▶ Task prompt
Write out the entries exactly, pictures excluded.
Information given below:
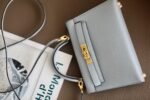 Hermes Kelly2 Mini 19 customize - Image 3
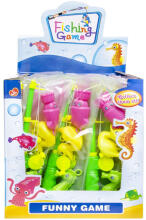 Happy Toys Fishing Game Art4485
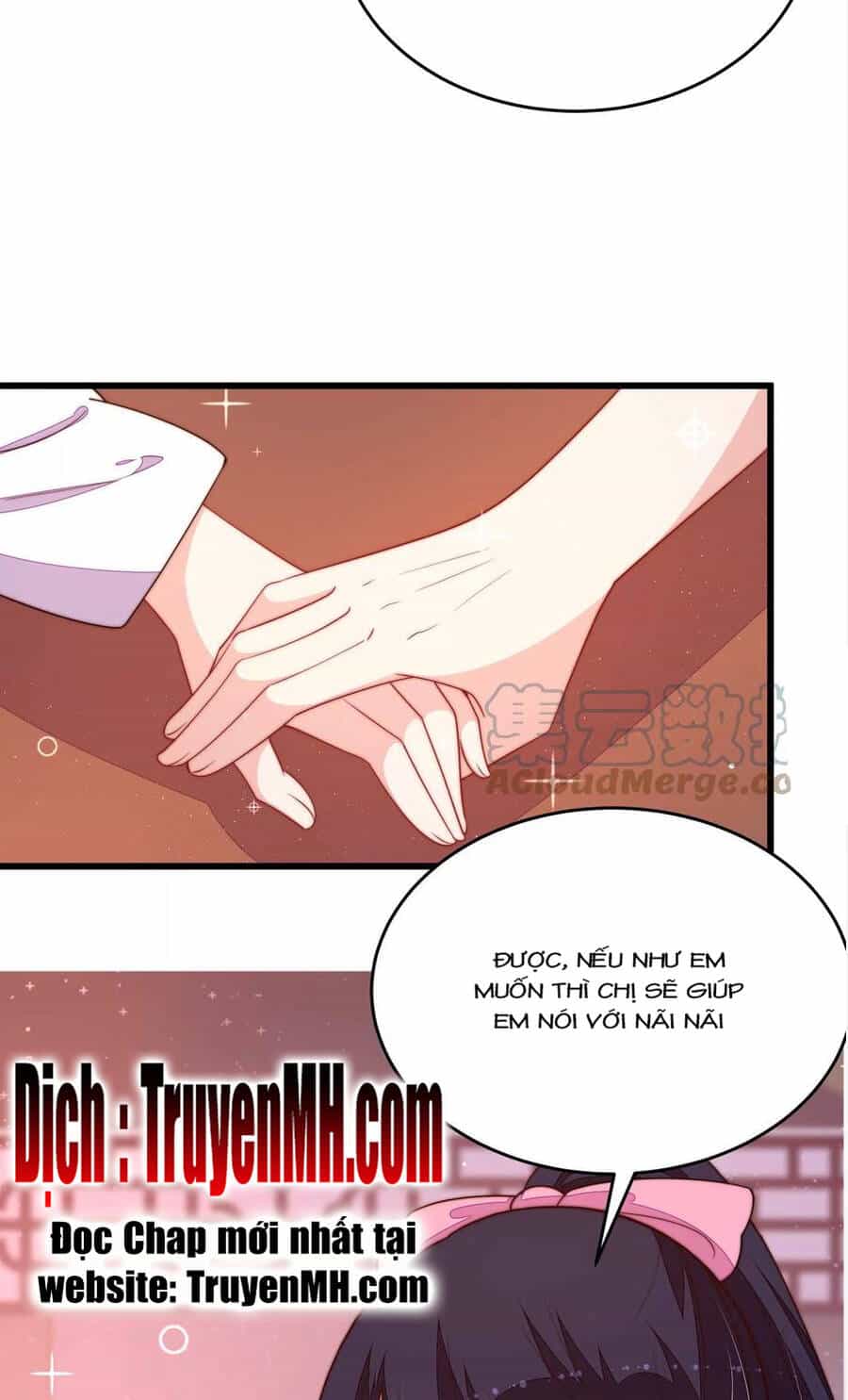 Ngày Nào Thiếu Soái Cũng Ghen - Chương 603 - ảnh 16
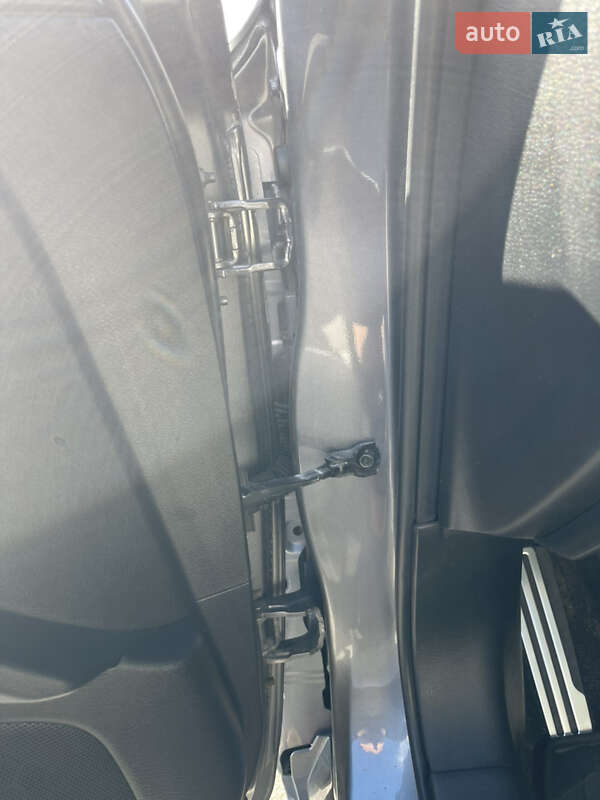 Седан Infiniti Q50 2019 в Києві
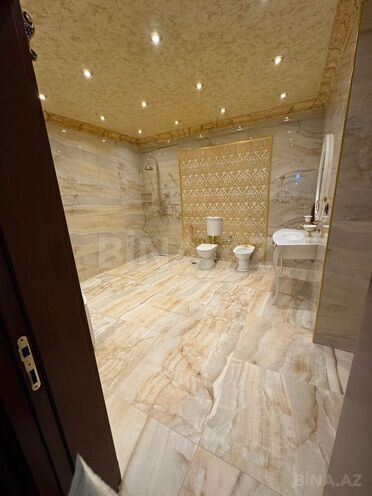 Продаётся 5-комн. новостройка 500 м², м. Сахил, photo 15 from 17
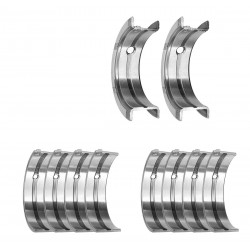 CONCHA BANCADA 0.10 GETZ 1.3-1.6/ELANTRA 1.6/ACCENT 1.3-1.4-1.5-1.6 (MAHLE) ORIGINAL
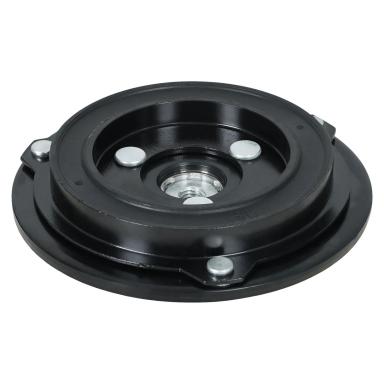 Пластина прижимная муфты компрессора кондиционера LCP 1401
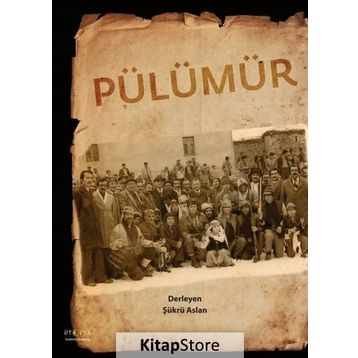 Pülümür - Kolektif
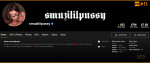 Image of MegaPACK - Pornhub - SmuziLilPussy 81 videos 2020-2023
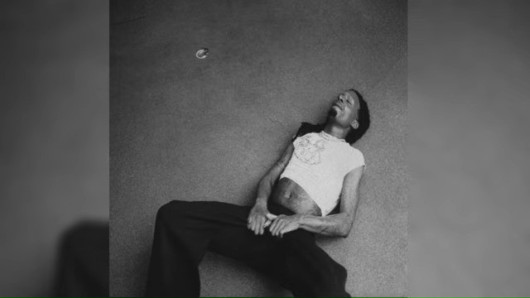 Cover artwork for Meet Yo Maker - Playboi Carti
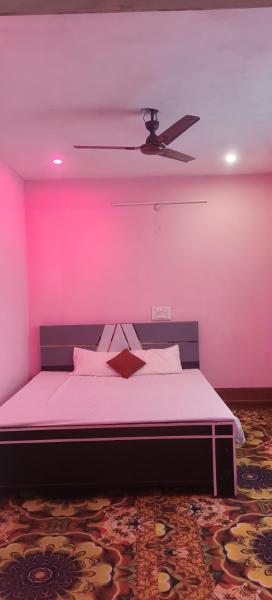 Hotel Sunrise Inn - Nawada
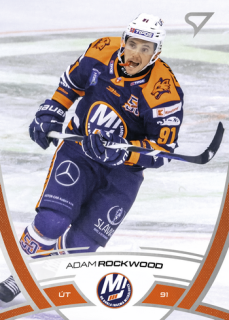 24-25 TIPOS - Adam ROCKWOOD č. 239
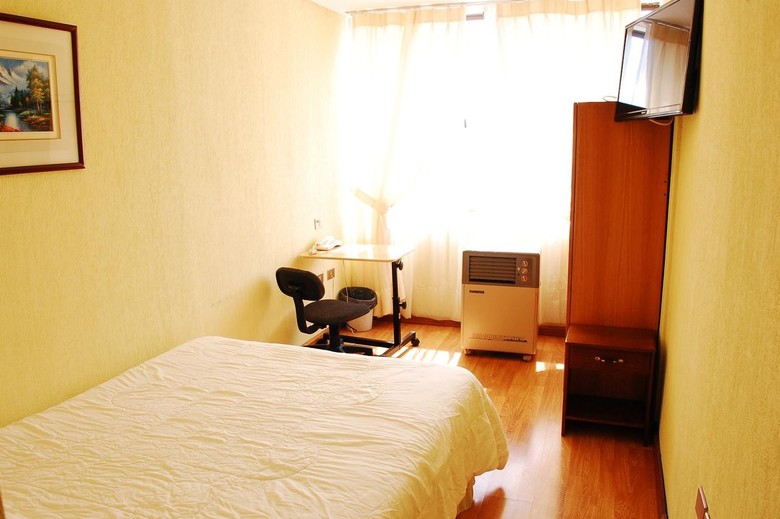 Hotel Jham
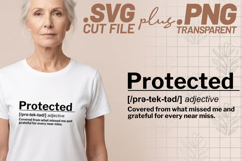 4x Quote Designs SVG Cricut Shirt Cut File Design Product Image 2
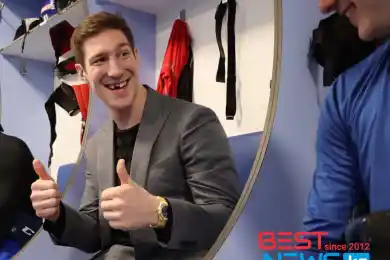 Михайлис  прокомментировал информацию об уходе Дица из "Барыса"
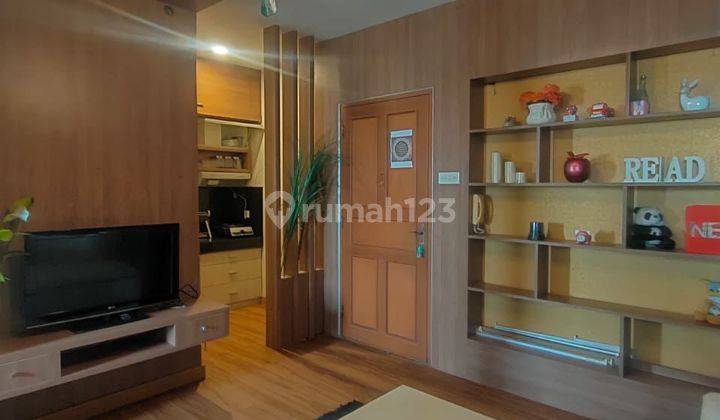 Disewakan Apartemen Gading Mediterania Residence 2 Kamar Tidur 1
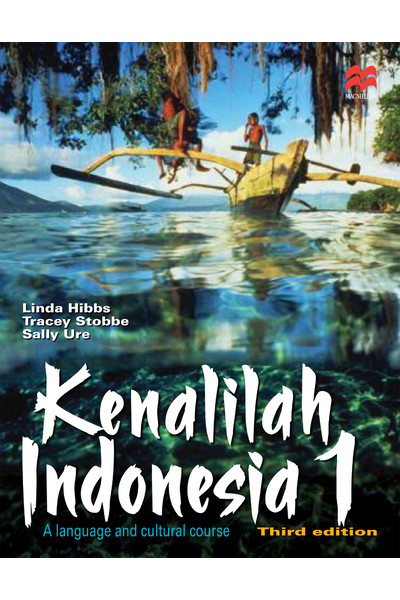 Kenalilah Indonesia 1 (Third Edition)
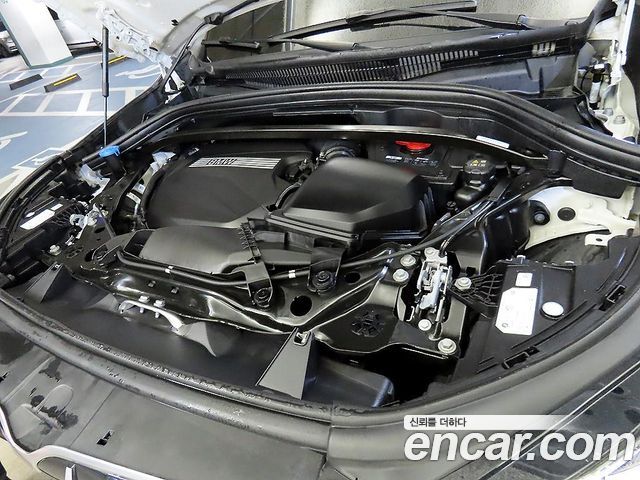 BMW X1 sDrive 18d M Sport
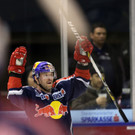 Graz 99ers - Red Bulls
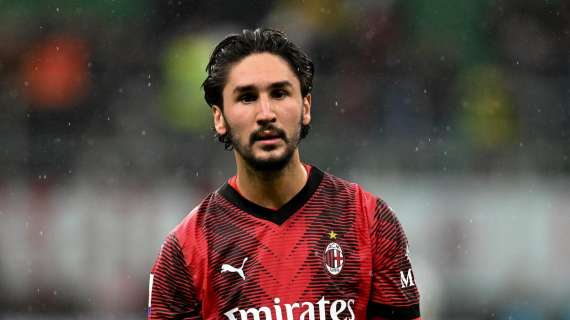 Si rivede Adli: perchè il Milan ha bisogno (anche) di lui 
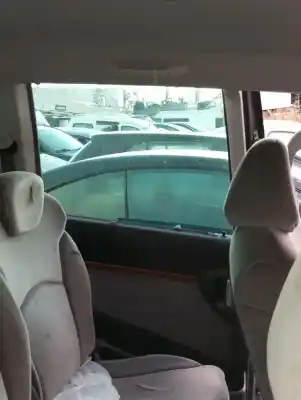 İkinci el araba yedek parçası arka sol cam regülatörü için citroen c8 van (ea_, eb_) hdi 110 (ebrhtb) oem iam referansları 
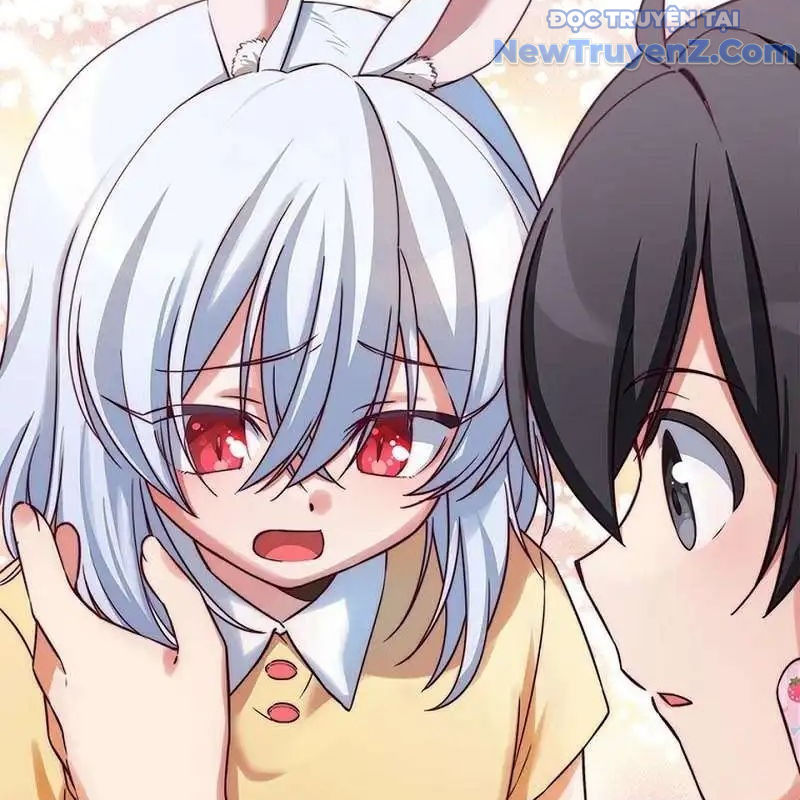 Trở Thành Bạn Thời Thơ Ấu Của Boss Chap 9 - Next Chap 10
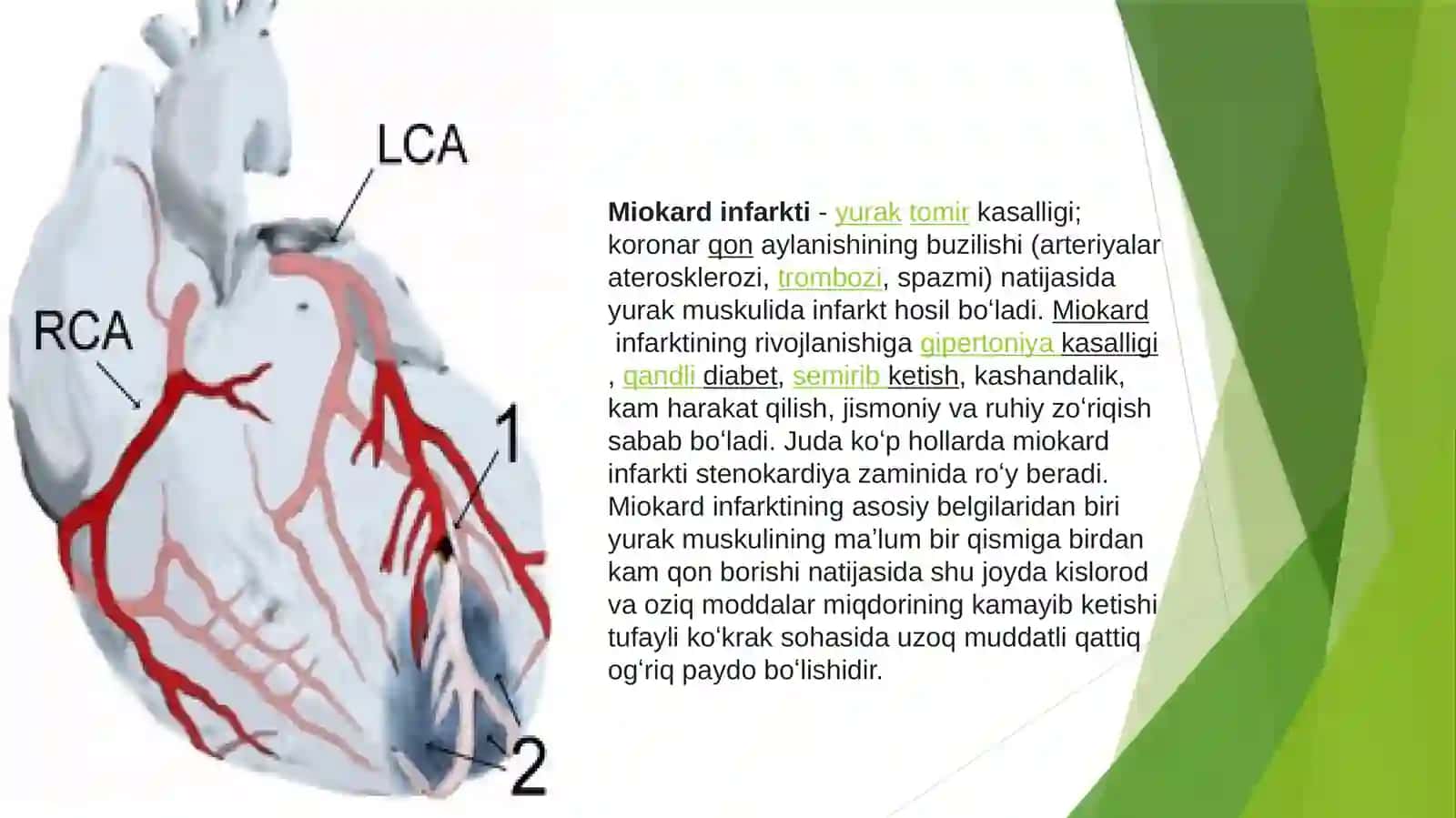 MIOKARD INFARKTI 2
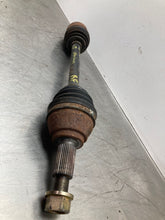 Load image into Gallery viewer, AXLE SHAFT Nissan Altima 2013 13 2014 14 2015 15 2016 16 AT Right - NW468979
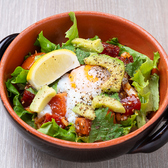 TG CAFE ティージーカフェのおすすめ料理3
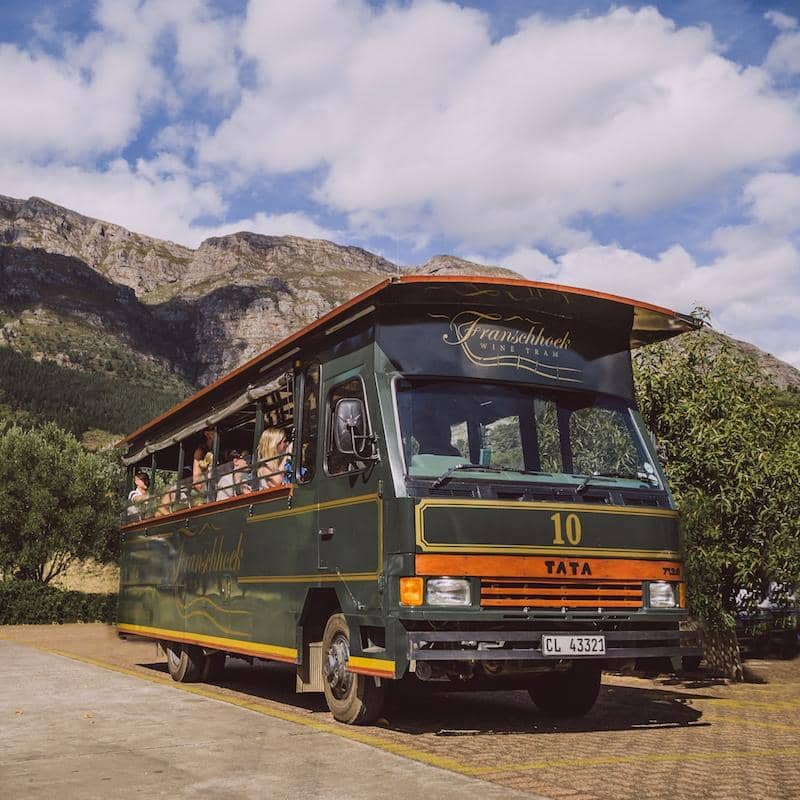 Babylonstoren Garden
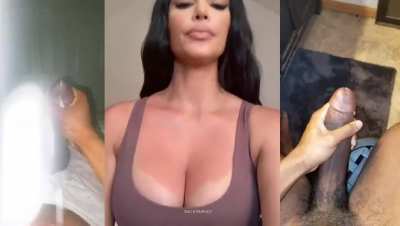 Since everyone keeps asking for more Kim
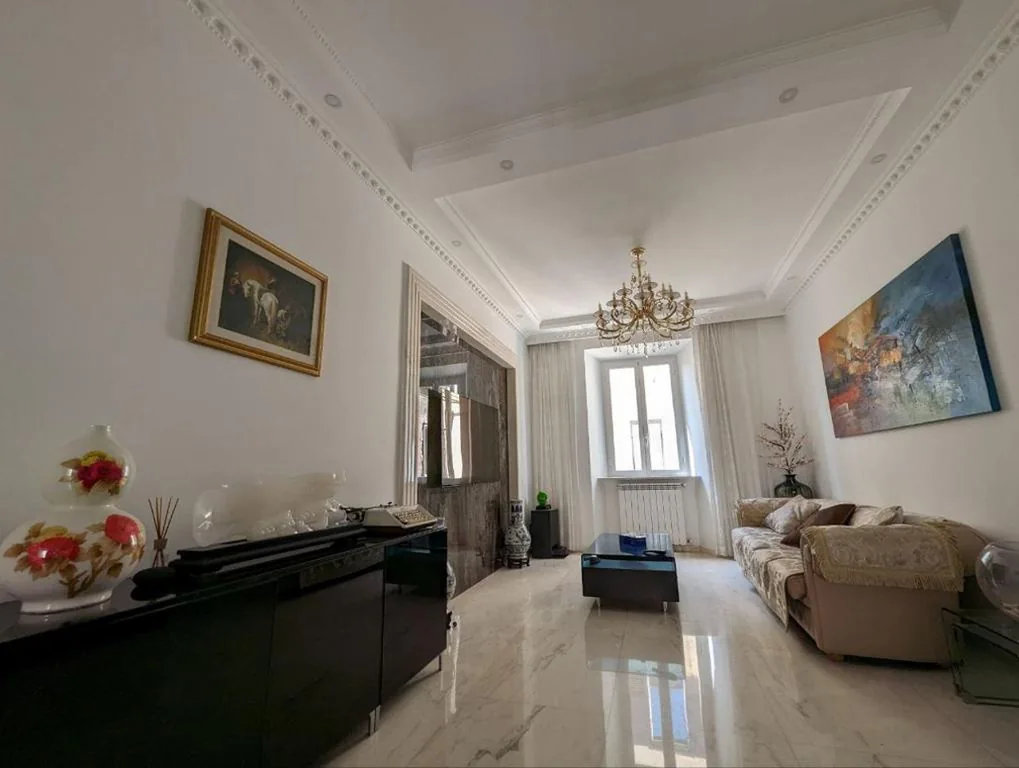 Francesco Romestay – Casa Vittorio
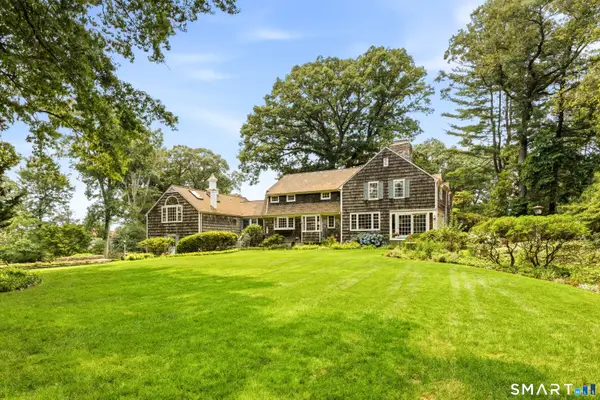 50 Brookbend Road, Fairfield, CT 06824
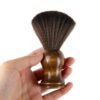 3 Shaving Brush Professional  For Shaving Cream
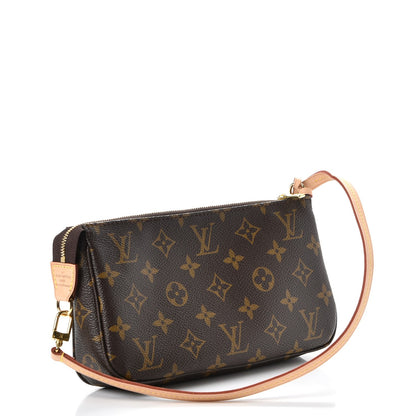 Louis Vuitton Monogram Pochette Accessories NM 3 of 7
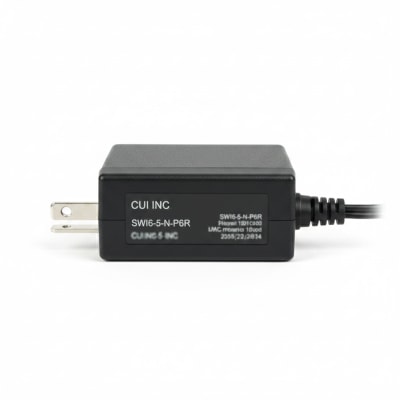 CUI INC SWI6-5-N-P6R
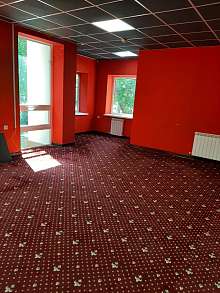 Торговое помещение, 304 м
End of Information given.
▶ Task response
 Hermes Kelly2 Mini 19 customize - Image 3
 Happy Toys Fishing Game Art4485
 Ngày Nào Thiếu Soái Cũng Ghen - Chương 603 - ảnh 16
 Седан Infiniti Q50 2019 в Києві
 Продаётся 5-комн. новостройка 500 м², м. Сахил, photo 15 from 17
 CONCHA BANCADA 0.10 GETZ 1.3-1.6/ELANTRA 1.6/ACCENT 1.3-1.4-1.5-1.6 (MAHLE) ORIGINAL
 Пластина прижимная муфты компрессора кондиционера LCP 1401
 Pülümür - Kolektif
 Image of MegaPACK - Pornhub - SmuziLilPussy 81 videos 2020-2023
 Cover artwork for Meet Yo Maker - Playboi Carti
 Hotel Sunrise Inn - Nawada
 24-25 TIPOS - Adam ROCKWOOD č. 239
 Hotel Jham
 4x Quote Designs SVG Cricut Shirt Cut File Design Product Image 2
 Михайлис  прокомментировал информацию об уходе Дица из "Барыса"
 Disewakan Apartemen Gading Mediterania Residence 2 Kamar Tidur 1
 Kenalilah Indonesia 1 (Third Edition)
 BMW X1 sDrive 18d M Sport
 Graz 99ers - Red Bulls
 Si rivede Adli: perchè il Milan ha bisogno (anche) di lui 
 İkinci el araba yedek parçası arka sol cam regülatörü için citroen c8 van (ea_, eb_) hdi 110 (ebrhtb) oem iam referansları 
 Trở Thành Bạn Thời Thơ Ấu Của Boss Chap 9 - Next Chap 10
 MIOKARD INFARKTI 2
 Load image into Gallery viewer, AXLE SHAFT Nissan Altima 2013 13 2014 14 2015 15 2016 16 AT Right - NW468979
 TG CAFE ティージーカフェのおすすめ料理3
 Babylonstoren Garden
 Since everyone keeps asking for more Kim
 Francesco Romestay – Casa Vittorio
 50 Brookbend Road, Fairfield, CT 06824
 3 Shaving Brush Professional  For Shaving Cream
 Louis Vuitton Monogram Pochette Accessories NM 3 of 7
 CUI INC SWI6-5-N-P6R
 Торговое помещение, 304 м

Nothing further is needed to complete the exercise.